- TASK PROMPT
Could you show each line of the records that contains the word "fireplace"?

####################

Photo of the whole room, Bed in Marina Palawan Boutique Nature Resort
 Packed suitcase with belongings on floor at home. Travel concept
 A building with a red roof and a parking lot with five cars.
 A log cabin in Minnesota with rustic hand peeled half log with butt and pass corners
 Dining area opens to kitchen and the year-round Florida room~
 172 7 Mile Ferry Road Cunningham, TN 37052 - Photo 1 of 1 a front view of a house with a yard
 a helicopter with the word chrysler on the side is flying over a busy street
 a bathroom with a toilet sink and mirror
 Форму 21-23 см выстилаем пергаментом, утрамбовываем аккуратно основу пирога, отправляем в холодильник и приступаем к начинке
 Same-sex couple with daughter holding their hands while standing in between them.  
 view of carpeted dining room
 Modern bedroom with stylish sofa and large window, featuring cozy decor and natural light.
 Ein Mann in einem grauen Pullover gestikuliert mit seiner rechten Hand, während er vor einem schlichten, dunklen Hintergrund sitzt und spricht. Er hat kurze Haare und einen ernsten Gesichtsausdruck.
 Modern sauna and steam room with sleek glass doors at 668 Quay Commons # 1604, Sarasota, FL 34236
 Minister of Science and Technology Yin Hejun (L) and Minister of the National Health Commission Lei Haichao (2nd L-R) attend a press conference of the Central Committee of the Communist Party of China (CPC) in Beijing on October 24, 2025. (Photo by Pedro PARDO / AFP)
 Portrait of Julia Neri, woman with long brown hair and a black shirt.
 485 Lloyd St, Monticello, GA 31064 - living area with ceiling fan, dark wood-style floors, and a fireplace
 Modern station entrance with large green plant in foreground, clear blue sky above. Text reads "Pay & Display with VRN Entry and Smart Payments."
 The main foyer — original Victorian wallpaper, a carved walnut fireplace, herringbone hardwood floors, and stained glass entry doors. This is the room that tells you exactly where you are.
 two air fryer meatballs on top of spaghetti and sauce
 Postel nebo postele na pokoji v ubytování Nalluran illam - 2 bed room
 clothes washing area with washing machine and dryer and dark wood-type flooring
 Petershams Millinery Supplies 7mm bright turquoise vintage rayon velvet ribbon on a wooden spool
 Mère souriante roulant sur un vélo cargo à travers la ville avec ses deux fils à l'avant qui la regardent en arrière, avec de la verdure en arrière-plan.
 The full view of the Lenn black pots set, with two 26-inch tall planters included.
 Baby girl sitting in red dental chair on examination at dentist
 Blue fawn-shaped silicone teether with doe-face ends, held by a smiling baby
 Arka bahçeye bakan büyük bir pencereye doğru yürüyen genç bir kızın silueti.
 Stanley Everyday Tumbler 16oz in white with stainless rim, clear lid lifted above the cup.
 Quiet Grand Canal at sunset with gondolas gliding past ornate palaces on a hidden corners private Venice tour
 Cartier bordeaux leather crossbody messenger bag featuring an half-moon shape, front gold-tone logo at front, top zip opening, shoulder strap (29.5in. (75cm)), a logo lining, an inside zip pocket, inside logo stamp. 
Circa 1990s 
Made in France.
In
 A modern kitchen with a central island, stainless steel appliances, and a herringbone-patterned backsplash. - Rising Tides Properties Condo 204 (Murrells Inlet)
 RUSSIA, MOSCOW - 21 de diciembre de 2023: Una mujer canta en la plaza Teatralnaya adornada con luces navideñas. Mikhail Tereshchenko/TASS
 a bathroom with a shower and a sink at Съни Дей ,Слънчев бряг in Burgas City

####################

- ANSWER FOR THIS EXERCISE
 485 Lloyd St, Monticello, GA 31064 - living area with ceiling fan, dark wood-style floors, and a fireplace
 The main foyer — original Victorian wallpaper, a carved walnut fireplace, herringbone hardwood floors, and stained glass entry doors. This is the room that tells you exactly where you are.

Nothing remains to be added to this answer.